Key Laboratory of Chemical Biology and Molecular Engineering, Ministry of Education, China.
Biochem Biophys Res Commun. 2013 May 24;435(1):16-20. doi: 10.1016/j.bbrc.2013.03.129. Epub 2013 Apr 10.
Nonsense-mediated mRNA decay (NMD) is a cellular response mechanism that eliminates aberrant mRNA transcripts and thereby prevents the production of potentially deleterious C-terminally truncated proteins. The phosphatidylinositol 3-kinase-related protein kinase SMG1 is considered to be an essential factor in the NMD pathway. We demonstrate that the brain-enriched microRNA, miRNA-125 (miRNA-125a and miRNA-125b) is a bona fide negative regulator of SMG1 in humans. Down-regulation of SMG1 expression is mediated by miRNA-125 binding to a microRNA response element in the 3' untranslated region of SMG1 mRNA, which leads to degradation of the SMG1 mRNA. In human cells, overexpression of miR-125 represses the endogenous levels of SMG1 protein and suppresses the NMD pathway; however, knockdown of miR-125 up-regulates the NMD pathway. These results suggest the existence of an RNA circuit linking the microRNA and NMD pathways.
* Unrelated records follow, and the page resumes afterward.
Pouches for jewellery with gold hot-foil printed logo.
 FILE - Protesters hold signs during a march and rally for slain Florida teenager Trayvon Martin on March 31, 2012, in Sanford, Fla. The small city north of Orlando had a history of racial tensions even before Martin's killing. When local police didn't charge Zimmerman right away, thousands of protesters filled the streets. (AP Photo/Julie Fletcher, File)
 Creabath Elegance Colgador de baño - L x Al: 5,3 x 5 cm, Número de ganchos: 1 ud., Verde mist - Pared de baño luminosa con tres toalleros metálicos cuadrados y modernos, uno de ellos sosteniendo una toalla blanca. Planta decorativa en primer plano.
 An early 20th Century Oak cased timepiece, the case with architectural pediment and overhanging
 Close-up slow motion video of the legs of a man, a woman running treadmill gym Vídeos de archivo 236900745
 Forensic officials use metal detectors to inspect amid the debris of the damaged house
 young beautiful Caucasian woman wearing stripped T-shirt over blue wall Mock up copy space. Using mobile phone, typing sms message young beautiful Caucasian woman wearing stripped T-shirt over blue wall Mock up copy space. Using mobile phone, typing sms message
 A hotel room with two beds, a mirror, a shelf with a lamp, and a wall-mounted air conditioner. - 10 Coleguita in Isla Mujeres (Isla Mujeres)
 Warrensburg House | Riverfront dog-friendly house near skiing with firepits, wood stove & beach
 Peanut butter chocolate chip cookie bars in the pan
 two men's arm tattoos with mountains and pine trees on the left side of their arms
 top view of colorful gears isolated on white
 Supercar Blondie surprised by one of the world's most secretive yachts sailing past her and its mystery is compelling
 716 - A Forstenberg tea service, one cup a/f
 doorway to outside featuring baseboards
无意义介导的 mRNA 衰减(NMD)是一种细胞反应机制,可消除异常的 mRNA 转录本,从而防止产生潜在有害的 C 末端截断蛋白。磷酸肌醇 3-激酶相关蛋白激酶 SMG1 被认为是 NMD 途径中的必需因素。我们证明,富含大脑的 microRNA,miRNA-125(miRNA-125a 和 miRNA-125b)是人类中 SMG1 的真正负调控因子。SMG1 表达的下调是由 miRNA-125 与 SMG1 mRNA 3'非翻译区中的 microRNA 反应元件结合介导的,这导致 SMG1 mRNA 的降解。在人细胞中,miR-125 的过表达抑制内源性 SMG1 蛋白的水平并抑制 NMD 途径;然而,miR-125 的敲低上调 NMD 途径。这些结果表明存在一个 RNA 回路将 microRNA 和 NMD 途径联系起来。